In der folgenden Aufführungsanalyse von Don Carlos-Inszenierungen beziehe ich mich auf die zentrale Überlegung von Marvin Carlsons Studie "The Haunted Stage. The Theatre as Memory Machine" (2001), um anhand des Don Carlos die Erinnerungsmaschine des Burgtheaters zu erforschen. Am Burgtheater ist man bei Klassikerinszenierungen immer mit einer reichen Vergangenheit konfrontiert, zu der man eine Position beziehen muss. Bei Andrea Breths Don Carlos-Inszenierung von 2004 wird sofort die Erinnerung an den Carlos von Oskar Werner (1955) und Klaus Maria Brandauer (1972) wachgerufen. Der Carlos des Philipp Hauß wird an diesen früheren Rolleninterpretationen gemessen.

Mit der Wiedereröffnung des Burgtheaters nach der Kriegszerstörung am 14. Oktober 1955 wurde in der zweiten Eröffnungspremiere, nach Adolf Rotts König Ottokars Glück und Ende, Oskar Werner in seiner Don-Carlos-Gestaltung als der neue Star gefeiert. Nach der Feier des österreichischen Staatsvertrags, den Leopold Figl den Österreicherinnen und Österreichern Mitte Mai 1955 stolz vom Balkon des Belvedere präsentierte, öffnete fünf Monate später das Burgtheater wieder seine Pforten. Oskar Werner wurde von Herbert von Karajan wegen der musikalischen Kadenz seiner Sprache gerühmt, und Hans Moser sah in diesem Schauspieler einfach ein Wunderkind. Oskar Werner reiste zu Ostern 1955, noch vor Probenbeginn, nach Madrid und traf dort Fred Liewehr, der den Posa spielen sollte und sich mit einer Besichtigung des Escorial auf den Don Carlos vorbereiten wollte. Für Oskar Werner war Don Carlos in Wahrheit ein Kretin, doch Schiller schuf mit dieser Figur einen zweiten Hamlet. Für Oskar Werner war die Zusammenarbeit mit Werner Krauß, einem Genie im Sinne Schopenhauers und Nietzsches, das das wahre Wesen der Dinge und des Daseins erfasst, die Erfüllung eines Traums. So glücklich, wie er während der Don Carlos-Proben mit Werner Krauß war, hat Oskar Werner bekannt, sei er nie wieder gewesen.

Der Kritiker Oskar Maurus Fontana schrieb, dass Oskar Werner "in Sprache und Bewegung schillersches Melos und den Schmelz der Jugend" hat: "Man glaubt ihm den Gezeichneten und das Genie." Für die Österreichische Neue Tageszeitung ließ Oskar Werner in der Inszenierung von Josef Gielen die Zuschauer einen Carlos fühlen, der "gertenschlank und Hamlet-nahe" ist.

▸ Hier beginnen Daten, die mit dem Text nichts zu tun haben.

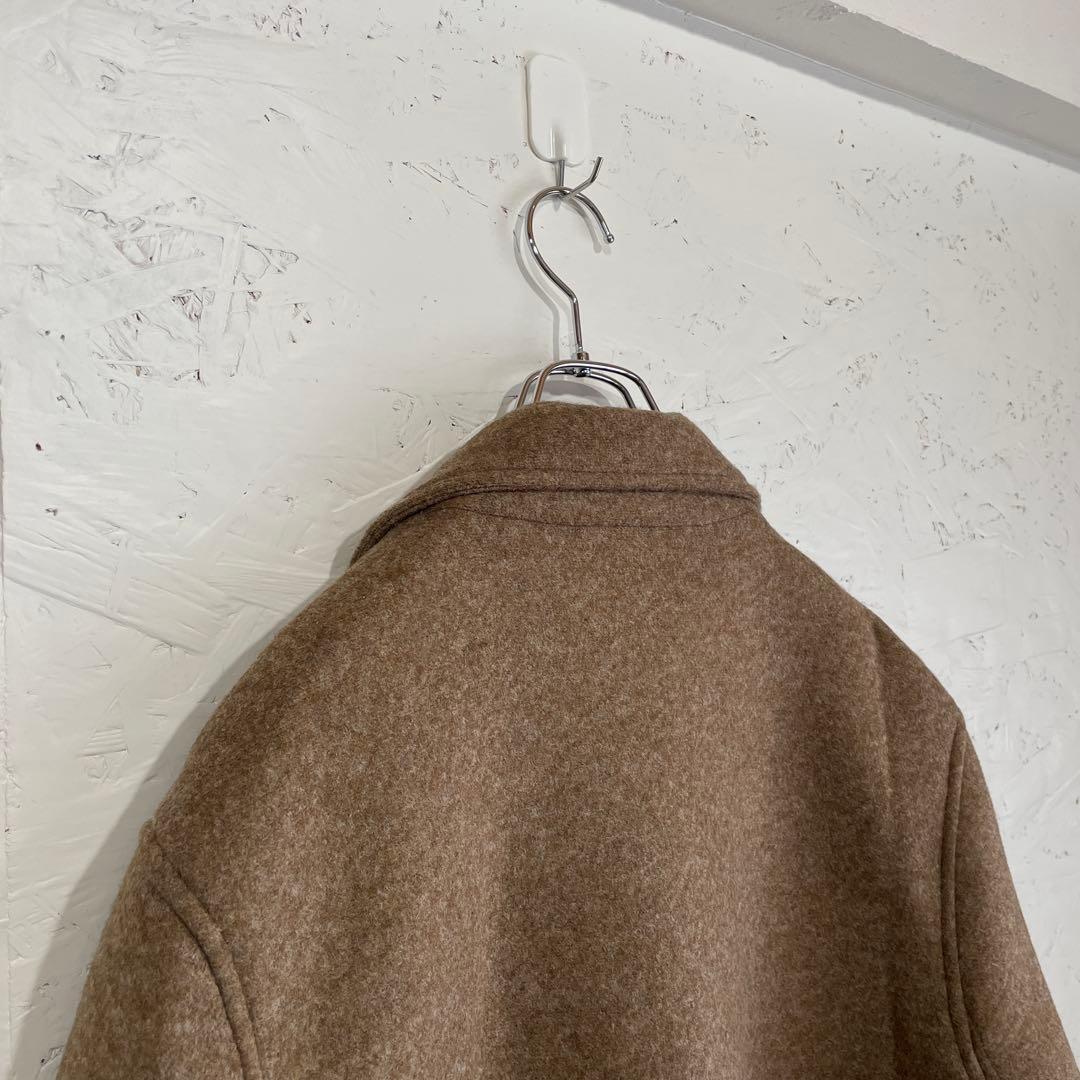 【HENRIK VIBSKOV】ボンディングオーバーサイズコート　ブラウン　M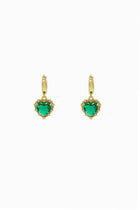 Bella Green Gold Earrings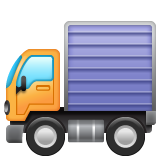 Whatsapp delivery truck emoji image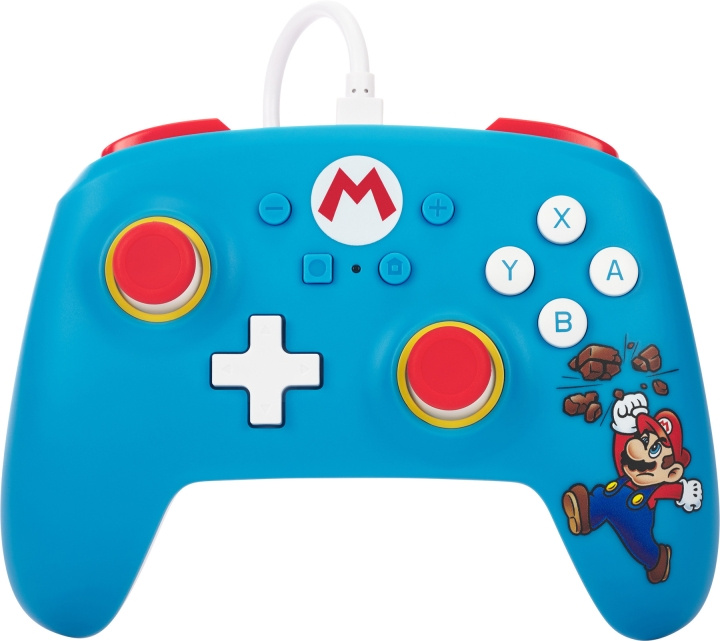 PowerA Wired Controller -peliohjain, Brick Breaker Mario, Switch ryhmässä KODINELEKTRONIIKKA / Pelikonsolit & Tarvikkeet / Nintendo Switch / Tarvikkeet @ TP E-commerce Nordic AB (C75385)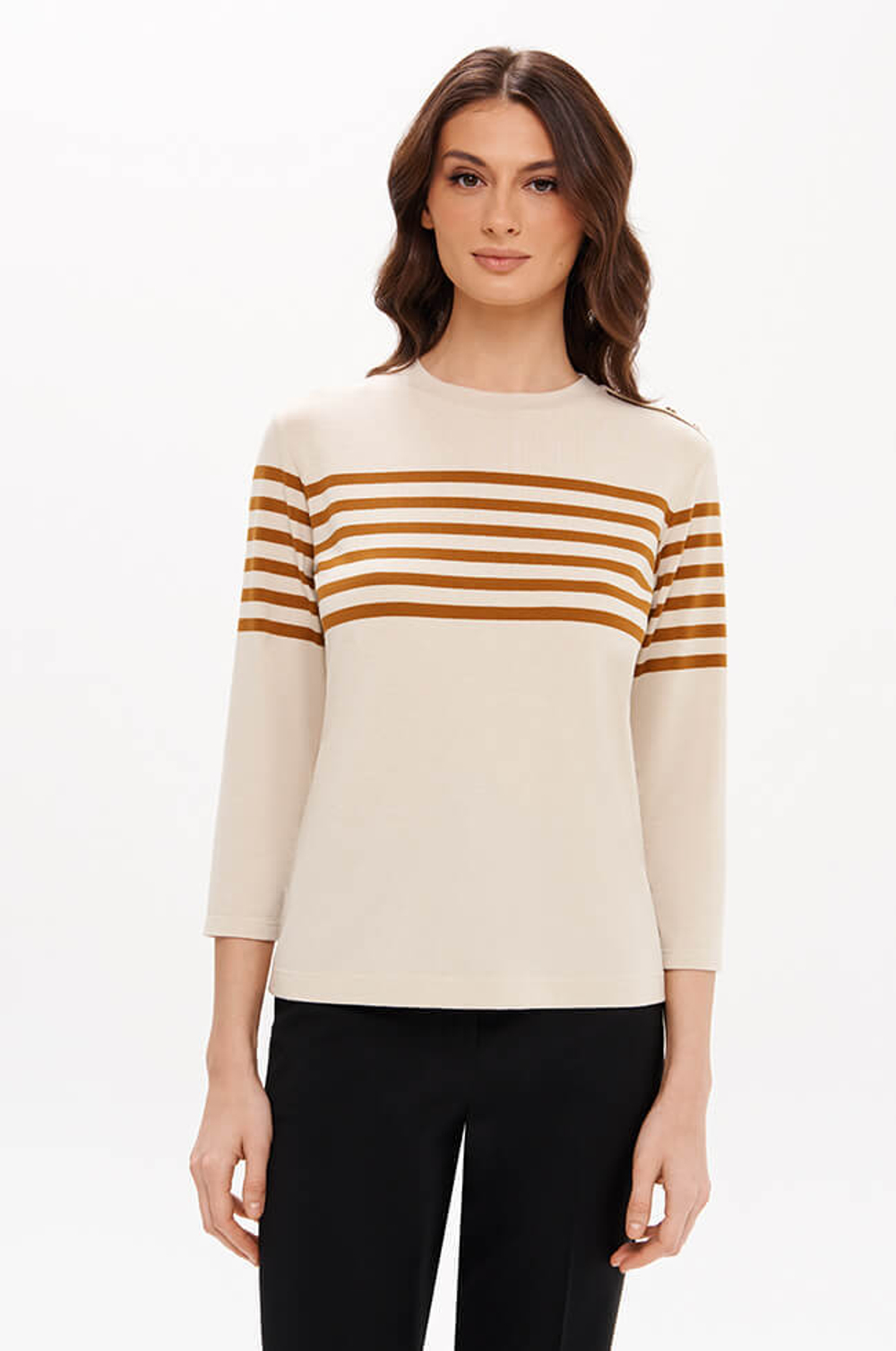 23353 Лонгслив женский (бежевый)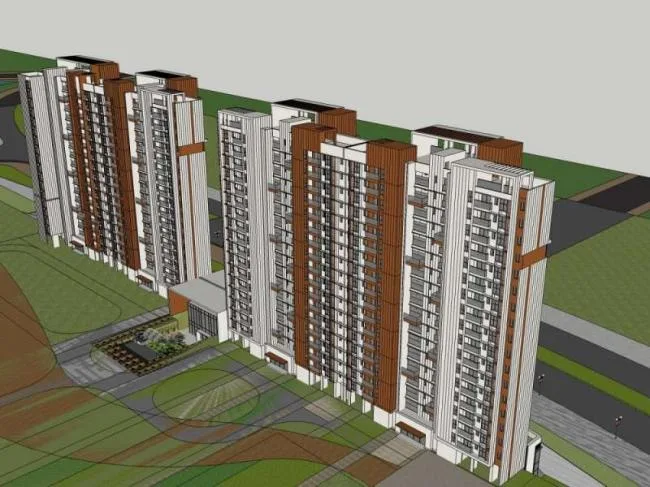 Sketchup Residential Model | High rise Residential Buildings, Modern Style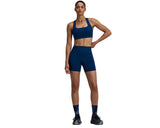 Bandit Striped Cadence™ 5" Compression Shorts Ink Blue - Mujer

Oskar Werners Carlos wurde mit der neu gewonnenen Freiheit Österreichs in Verbindung gebracht: "Im Ausdruck und in der innigen Beschwörung des Herzens findet er gleicherweise den Ton, der uns sofort für diese Gestalt gewinnt, der uns alle einbezieht in das schwere Geschick des Infanten und seiner unglückseligen Liebe zur eigenen Stiefmutter, seines Schwankens zwischen Persönlichstem und völkerbefreiender Staatsaufgabe." (Die Presse, 25. 10. 1955).

Hans Weigel beschwor die Einheit der Generationen, die nun auf der Bühne des Burgtheaters Wirklichkeit wurde. Werner Krauß spielte den König Philipp II. Oskar Werners Don Carlos "ist so herrlich knabenhaft und so erschütternd gefährdet, er hat alle Wirkung eines großen Tragöden ohne eine einzige seiner Unarten, er ist der beglückende Gewinn der Vorstellung. Werner Krauß und er scheinen wirklich Vater und Sohn auch in der meisterlichen Art, Verse im klassischen Stil und doch im neuen Geist zu sprechen." Josef Gielens Inszenierung wurde von Weigel als eine Interpretation gesehen, der es um die große Unerfülltheit des Einzelnen geht. Alle fünf Helden sehnen sich nach einem Menschen, doch das Private muss an der Mechanik der Macht scheitern. Oskar Werner ist in dieser Sicht ein Gefangener seines eigenen Dämons, und Werner Krauß betonte die Tragödie des einsamen, alten Mannes als die der politischen Macht. Oskar Werners Carlos war seinem königlichen Vater Krauß ebenbürtig, "dem großen Einsamen der deutschen Bühne". Da Gielen allen Mut aufbrachte, das gewaltige Drama von den Schauspielern her und ihnen zuliebe zu inszenieren, schuf er eine Inszenierung in bester Burgtheatertradition. Zu Beginn der Zweiten Republik wurde mit Josef Gielens Don Carlos die theatrale Manifestation der wiedergewonnenen Freiheit Österreich proklamiert.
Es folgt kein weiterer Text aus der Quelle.